Could you restate word for word each line from the top of the listing below through the line containing "Hi, welcome back"? Keep the pictures out.

**DATA SHOWN**
__________________________________________________

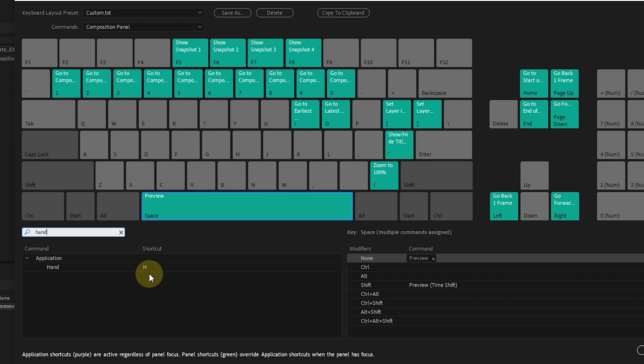Because there are so many shortcuts in After Effects, I have prepared some of the most commonly used shortcuts for you to remember.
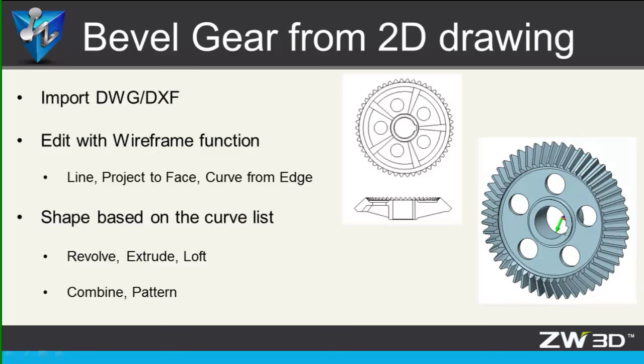Hi, welcome back to ZW3D design tutorial. It's Ben. This time, I'll talk about converting 2D to 3D. In this lesson, you can learn how to create a bevel gear with 2D drawing.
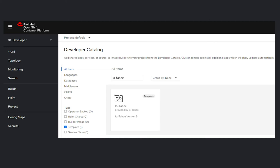I see the IOTahoe template there — what does it allow me to do in terms of automation and application development? So we've created an OpenShift template which contains our application. This allows developers to instantly set up our product within that template.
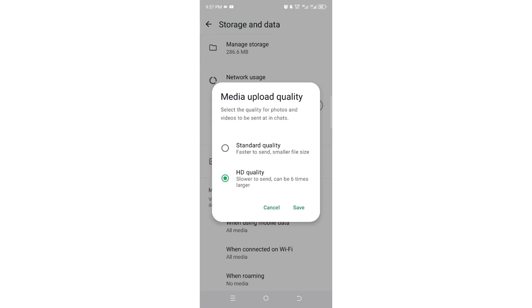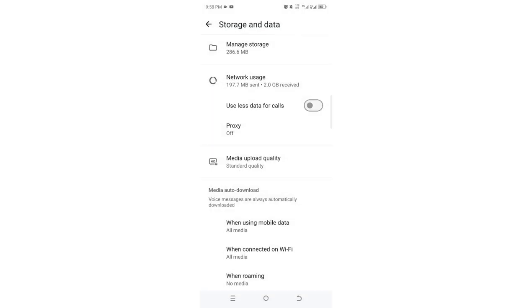So what you should do is choose Standard Quality and then click Save. After doing this, you will upload a somewhat lower quality video file or image, but I think the loss of quality is not so significant to cost you a lot of time.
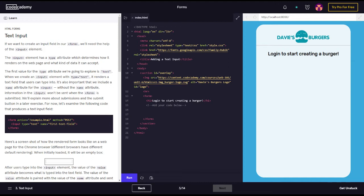The first value for the type attribute we're going to explore is text. When we create an input element with type text, it renders a text field that users can type into.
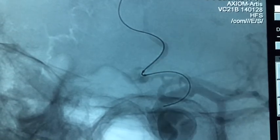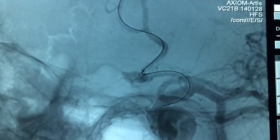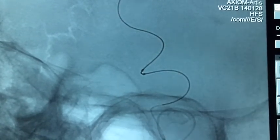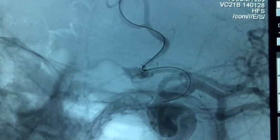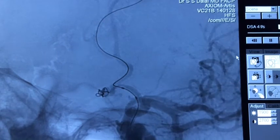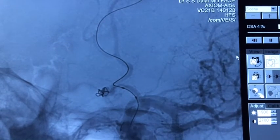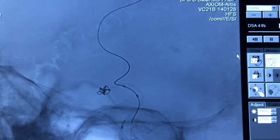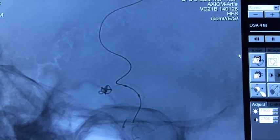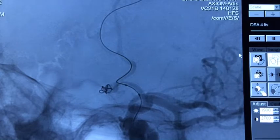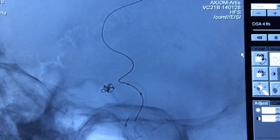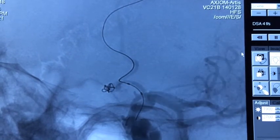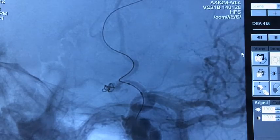We navigate the coiling catheter — the Echelon — and advance it into the dome of the aneurysm. This is the first coil going across nicely. We pulled the balloon back slightly to allow the coil to seat properly. This is the image after detachment of the first coil.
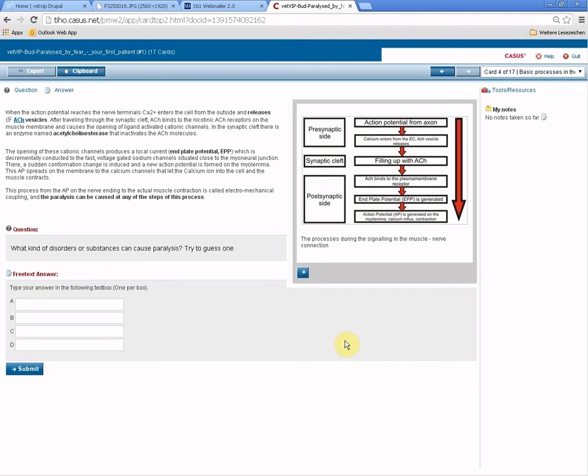If you figure out any problems during solving these cases or you don't get into the CASUS system, please feel free to contact your local VetVib people at your university or contact us here in Hanover so that we can immediately help you with this project.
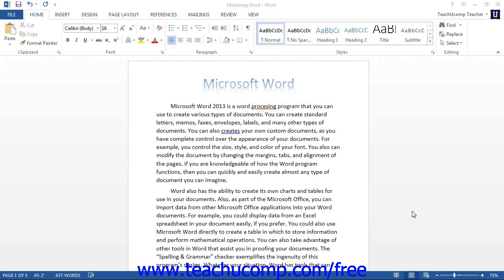Word provides you with a tool that helps you to quickly identify and correct misspelled words and grammatical errors in your documents. It is the spelling and grammar tool. As its name clearly states, this tool identifies and corrects both spelling and grammar errors in your documents.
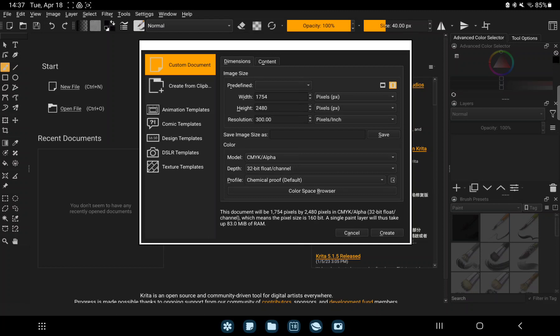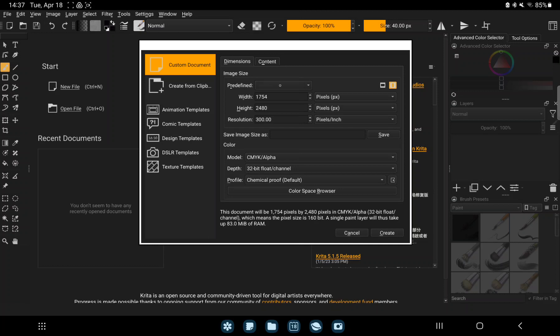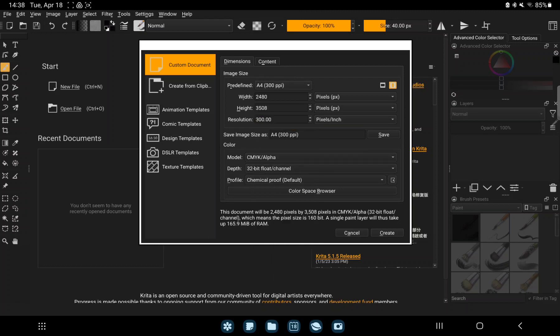And here you can select a predefined file format or type. Just select one and set the details, and just click to the create button.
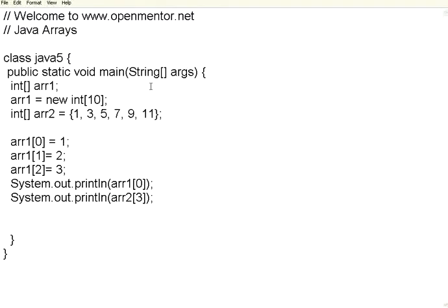Welcome to OpenMentor.net. We are going to see Java arrays.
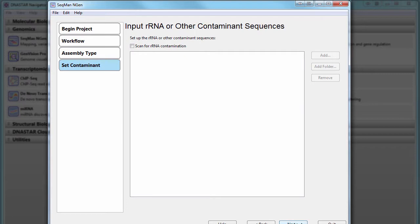If needed, you can scan for ribosomal RNA and other contaminant sequences by using the Scan for RRNA Contamination option, and then adding sequences for your contaminants.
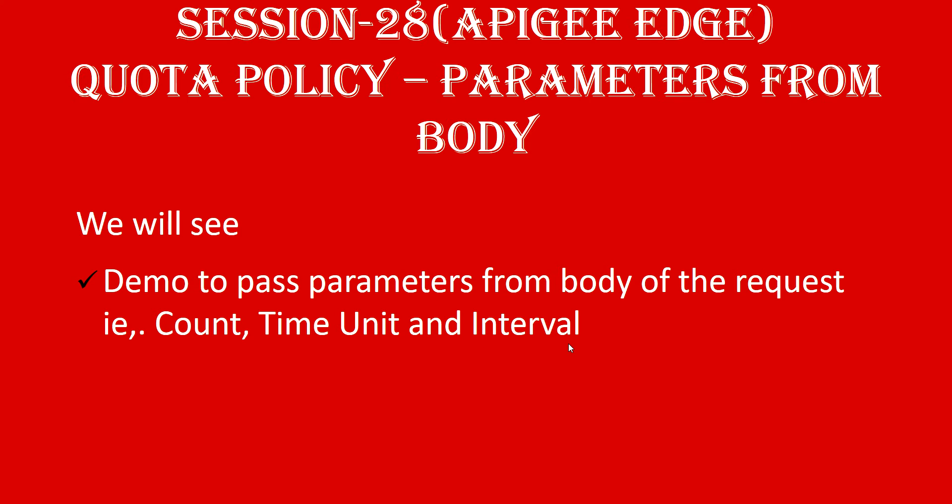Hi, this is session 28 of Apigee Edge course for beginners. In this session we will see how to pass quota policy parameters from the body of the request. In our previous session we saw how to pass the quota policy parameters from the header of the request. This is continuation to our part 26 and 27, so if you haven't watched those sessions I would recommend you to watch before proceeding further with this session.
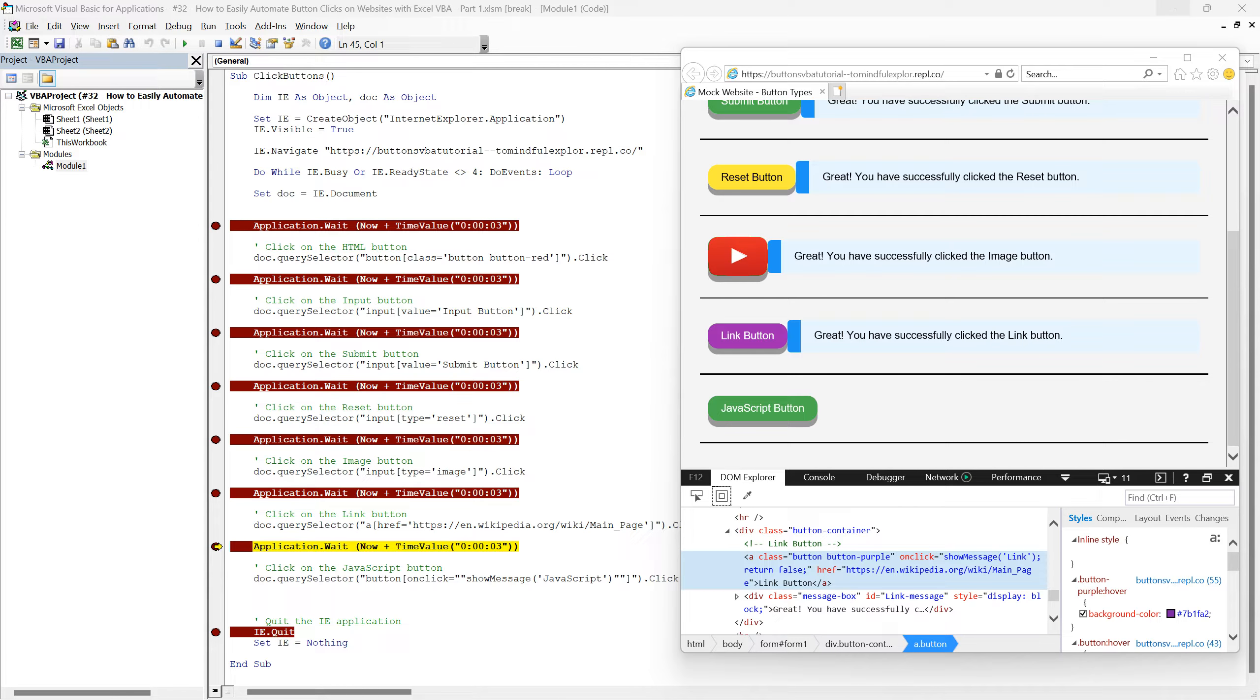Great! It clicks the Link button exactly as intended. This demonstrates the effectiveness of using the QuerySelector method to target hyperlink elements styled as buttons.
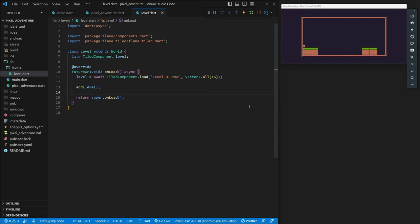Welcome back to my tutorial series on how to make a game using Flutter and Flame. In this episode, we're creating our player character and adding them to the game. Let's get started.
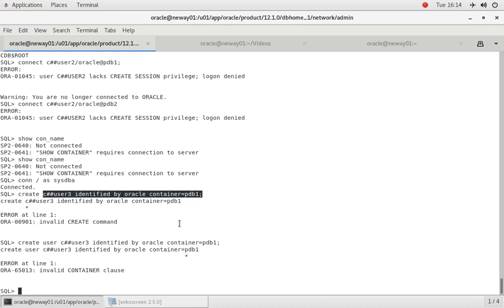Which is where you should create your common users from, should be the CDB root, the mothership. All right guys, so I'll talk to you soon. Bye.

__________________________________________________

**TASK RESULT**
Because there are so many shortcuts in After Effects, I have prepared some of the most commonly used shortcuts for you to remember.
Hi, welcome back to ZW3D design tutorial. It's Ben. This time, I'll talk about converting 2D to 3D. In this lesson, you can learn how to create a bevel gear with 2D drawing.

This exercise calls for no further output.